The scene is Raleigh-Durham Airport. I'm dropping my wife and kids off for a trip to Poppy and Grandma's house for a couple of days while I stay behind to work.
I'm waving good-bye to them as they go through security, feeling the sadness of their leaving.
Behind me, I hear pre-teen shrieks: "Daddy! Daddy!" I look back and see three kids and a mom behind them with a camera. Coming through the arrivals door is a man dressed in military garb.
This scene of military family, reunited, always stirs my soul. My dad was in the Navy. Sometimes, he was gone for months. I still can feel the adrenaline-rush of 6-year-old anticipation as we watched the ship pull under the Newport, Rhode Island bridge and into port.
My dad, home at last after adventures and danger on the Cold War-laden North Atlantic. I can still remember the impossible-to-satisfy feeling of just wanting to be in daddy's presence 24/7 for eternity to make up for lost time.
These kids at the airport were getting their daddy back. I was sending my wife and kids off.
Then the Lord reminded me of the next question in the Scriptures that I looked at yesterday but decided to put off engaging with until today in order to have more time to consider it: "My God, my God, why have you forsaken me?"
Jesus' cry of dereliction. It's a cry of abandonment, of having been left. Jesus becomes sin for us, and the Father leaves him to carry that burden alone, just as they both agreed upon from before the creation of the world.
And the weight of that question on top of the emotion of the moment was almost too much for me to bear, standing there at RDU airport, waving to my kids as they pass through the scanners, the military family hugging and laughing behind me flooding me with my own military family memories, and the cry of Jesus abandonment ringing in my head.

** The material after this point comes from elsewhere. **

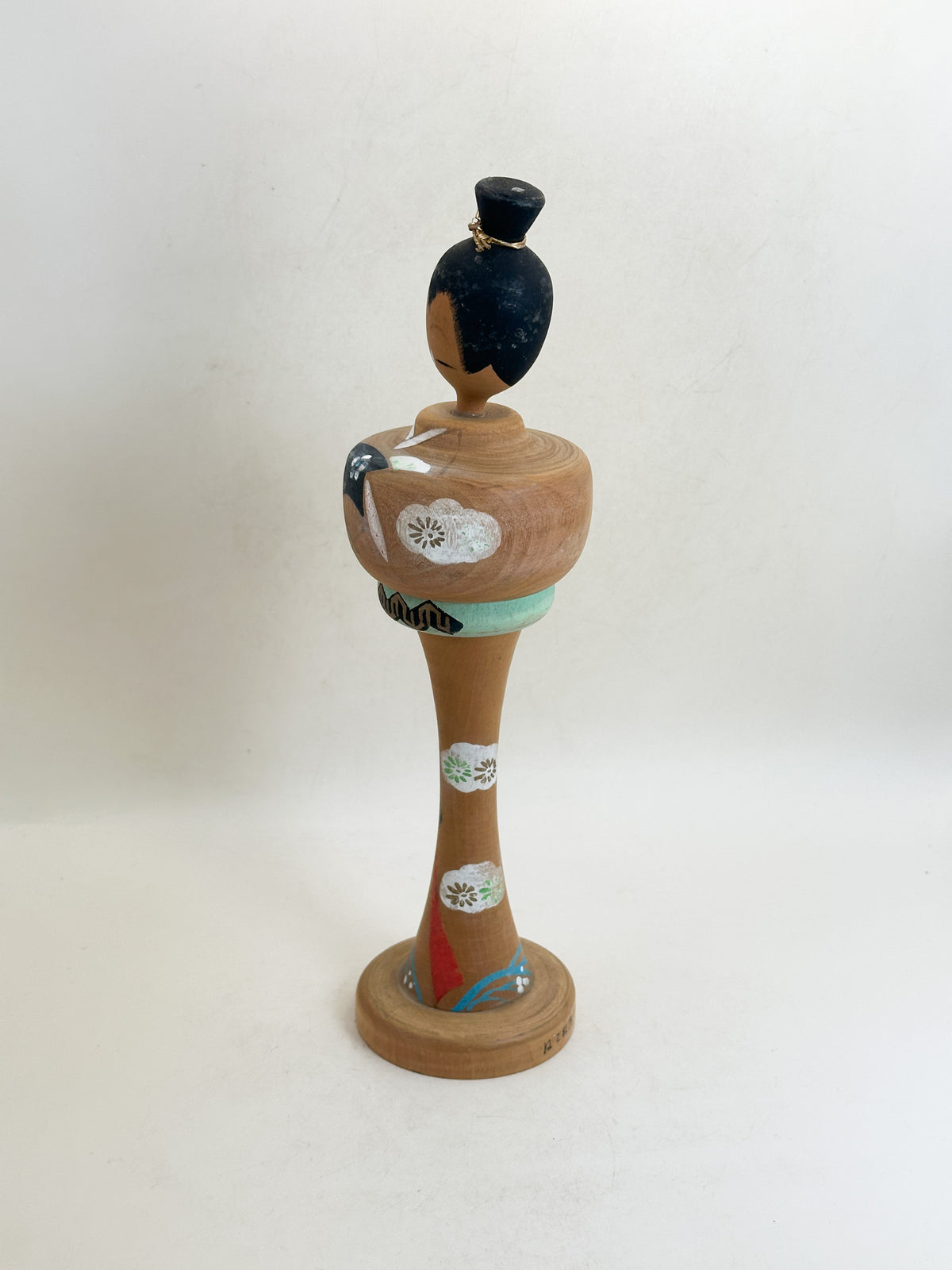K25227 - Sosaku Kokeshi by Hosaka Torao 保坂虎男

I wasn't abandoning my kids, but I was sending them off. Somehow with the convergence of the family behind me and the cry of Jesus from the Scriptures, my send off felt more loaded. I became conflicted and melancholy.

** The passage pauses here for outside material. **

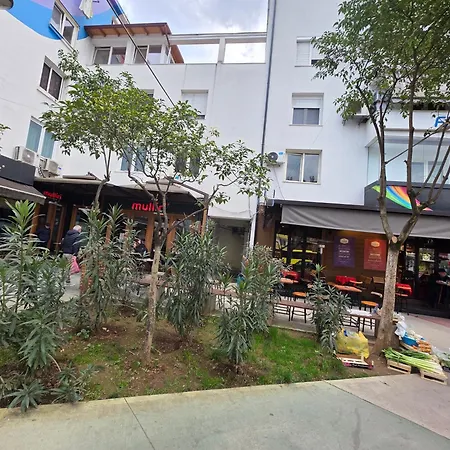 Twoviews Apartements 1 Tiran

But the Lord was good to stop me. "This question isn't for you," the Lord said. "I bore this question so that you wouldn't have to." Clarity began to peek through the fog.
Jesus had born the separation from our Father on our behalf. He did this so that we might have our own re-uniting with God. Jesus is abandoned so that we might never be abandoned ever again. We, too, can shriek, "Daddy! Daddy!" and run into our good Father's arms, free of guilt and shame.
This question of abandonment is joyfully off limits for me. I'm not to locate myself either on the "abandoning" side or on the "been abandoned side." Jesus asks the question of abandonment so that we never have to ever again.
I drove home in the eerily quiet mini-van considering all of this. "Do you know this, Alex?" I heard him ask me, "do you know that I'll never leave you? Do you know that we'll always be together--always, for eternity?"
Yes, Lord. I know that. Forgive me for forgetting. Forgive me for living as if it weren't true.
"Tell them," I heard him say. "Tell them that I love them. Tell them that I was separated so that they will never, ever, ever have to be. Tell them."
1 comment:
Wow! Thank you for such meaningful thoughts that touched my heart. I needed to be reminded today.